2 被告代表者が原告に勤務していた当時の勤務実態について

(一) 被告代表者は、アルバイト情報紙に掲載された求人広告に応募し、平成二年六月末ころから同年一二月初めころまで原告にアルバイトとして勤務し、レンジフード用フィルターの訪問販売に従事していた。

(二) 当時原告本社の従業員は約二〇名であり、営業部一五ないし一八名(ただし変動が多い。)、営業推進部二名、業務部一名という編成であった。

このうち、営業部は、フィルターを戸別訪問で販売する。

また、マンションでは、約九〇パーセントの世帯が入居当初から、ガラス繊維素材のレンジフード用フィルターの業者との間で長期にわたり商品の供給を受けることを約するものであり、その管理委託業務を管理人がしているが、原告の営業推進部は、右のようなマンションの管理人を歴訪して、原告の販売するポリエステル素材のレンジフード用フィルターを売り込む担当部である。

(三) 被告代表者は平成二年八、九月ころ、営業部から営業推進部に異動し、課長の名刺をもらったが、部長の作井勝(以下「作井」という。)と被告代表者の二名だけの部であり、課長名は単に対外的な名称であって、被告代表者のアルバイトとしての地位に変化はなく、課長手当等も一切支給されなかった。

3 被告の設立の経緯とその営業実態

(一) 被告代表者は、同年一二月原告を退社し、作井が同年一一月に独立して設立した創和コーポレーションに入社してレンジフード用フィルターの販売をしたが、平成三年三月退社した。

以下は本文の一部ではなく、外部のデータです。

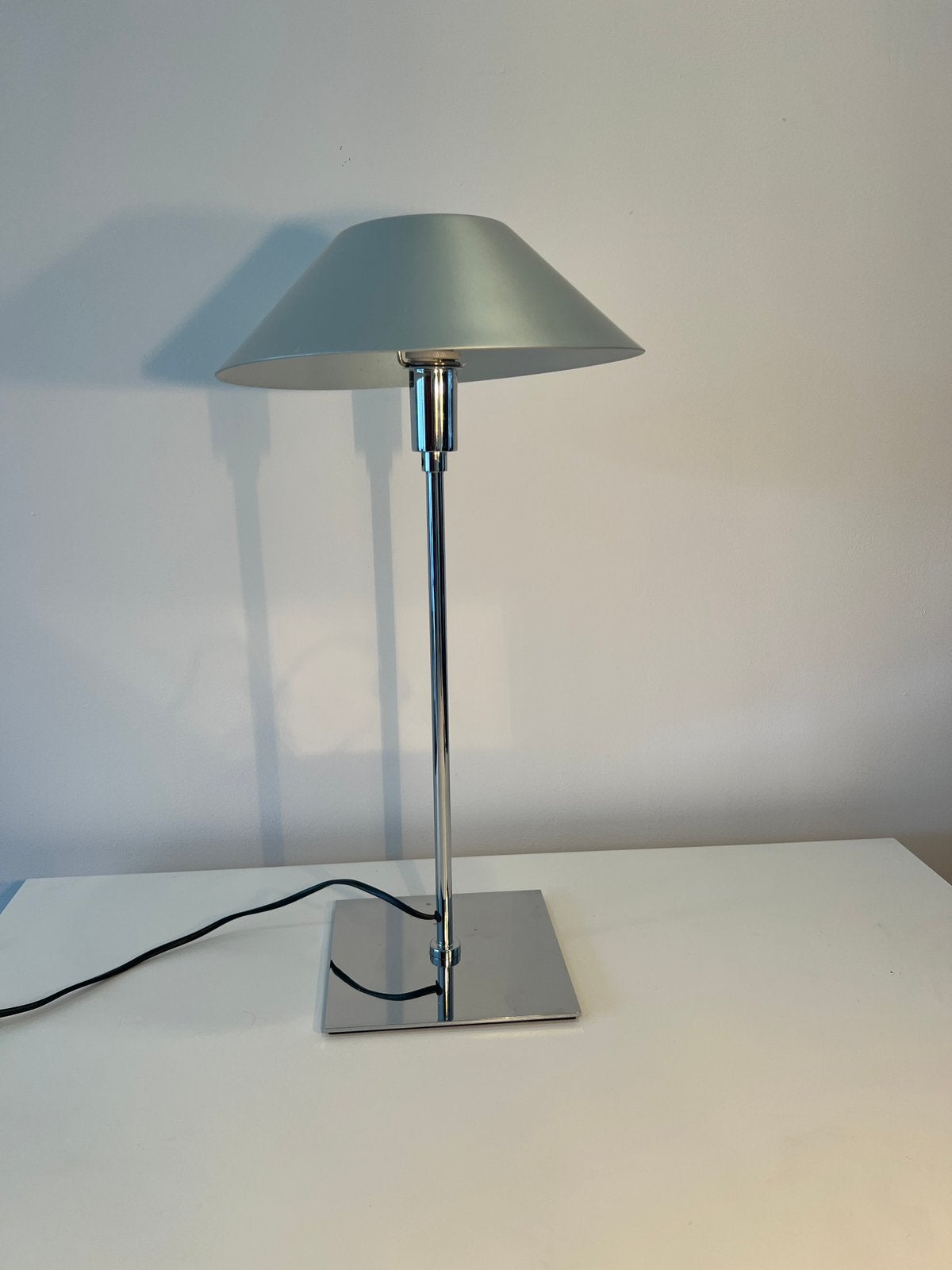 Marset Iluminacion chroom tafellamp, Huis en Inrichting, Lampen | Tafellampen, Ophalen, Design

そして、被告代表者は、同年四月八日、被告代表者の住所のある堺市を本店所在地として被告を設立し、営業所を大阪市港区におき、同年六月営業を開始した。

被告は、同月三日、堺市長に法人設立・事務所等開設申告書を、同月四日、堺税務署長に法人設立届出書を各提出し、また、平成三年七月三日、同年一〇月一五日、大阪港郵便局長から料金受取人払いの承認を得た。

(二) レンジフード用フィルターは、新規にレンジフード用フィルター枠とともに販売する場合を除いては、交換用フィルターの販売が訪問販売の主流であるので、被告は、継続的な交換取引が可能になるよう、以下のとおり、外部的には顧客に信用され被告の名前が覚えてもらえるような努力をし、内部的にも各種の十分な管理を心掛けてきた。したがって、被告従業員が原告の商号を詐称したり、原告の関連会社である旨を標榜することなどあり得ない。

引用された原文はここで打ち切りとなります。